What is needed
Once the line containing "#gabrielapolacek #easter #easterbasket" is found, please set it down along with each following line, exactly, to the end of the material.

■ ■ ■ ■ ■ ■ ■

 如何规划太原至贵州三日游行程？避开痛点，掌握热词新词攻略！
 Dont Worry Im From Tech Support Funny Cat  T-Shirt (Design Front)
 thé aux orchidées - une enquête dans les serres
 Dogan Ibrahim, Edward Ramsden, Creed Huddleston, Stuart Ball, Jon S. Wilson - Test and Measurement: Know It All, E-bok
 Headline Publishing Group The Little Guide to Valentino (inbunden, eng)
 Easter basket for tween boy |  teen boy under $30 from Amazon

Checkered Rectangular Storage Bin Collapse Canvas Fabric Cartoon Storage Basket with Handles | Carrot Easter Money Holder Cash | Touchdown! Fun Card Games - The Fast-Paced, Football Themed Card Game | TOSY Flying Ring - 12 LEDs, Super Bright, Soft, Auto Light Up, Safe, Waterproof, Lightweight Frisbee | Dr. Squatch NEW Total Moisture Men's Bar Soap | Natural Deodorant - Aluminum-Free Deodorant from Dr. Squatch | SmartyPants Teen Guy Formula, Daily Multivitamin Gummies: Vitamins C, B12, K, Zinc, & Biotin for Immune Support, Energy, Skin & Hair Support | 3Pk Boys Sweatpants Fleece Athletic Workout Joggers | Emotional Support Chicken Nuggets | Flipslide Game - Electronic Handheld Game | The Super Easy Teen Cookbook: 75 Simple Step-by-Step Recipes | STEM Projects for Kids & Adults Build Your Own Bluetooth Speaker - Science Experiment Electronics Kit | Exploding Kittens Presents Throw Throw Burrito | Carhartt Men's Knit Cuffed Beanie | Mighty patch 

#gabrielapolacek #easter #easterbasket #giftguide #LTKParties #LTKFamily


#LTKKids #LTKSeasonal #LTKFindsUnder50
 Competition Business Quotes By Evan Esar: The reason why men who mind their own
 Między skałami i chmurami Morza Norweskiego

■ ■ ■ ■ ■ ■ ■

Result of this exercise
#gabrielapolacek #easter #easterbasket #giftguide #LTKParties #LTKFamily


#LTKKids #LTKSeasonal #LTKFindsUnder50
 Competition Business Quotes By Evan Esar: The reason why men who mind their own
 Między skałami i chmurami Morza Norweskiego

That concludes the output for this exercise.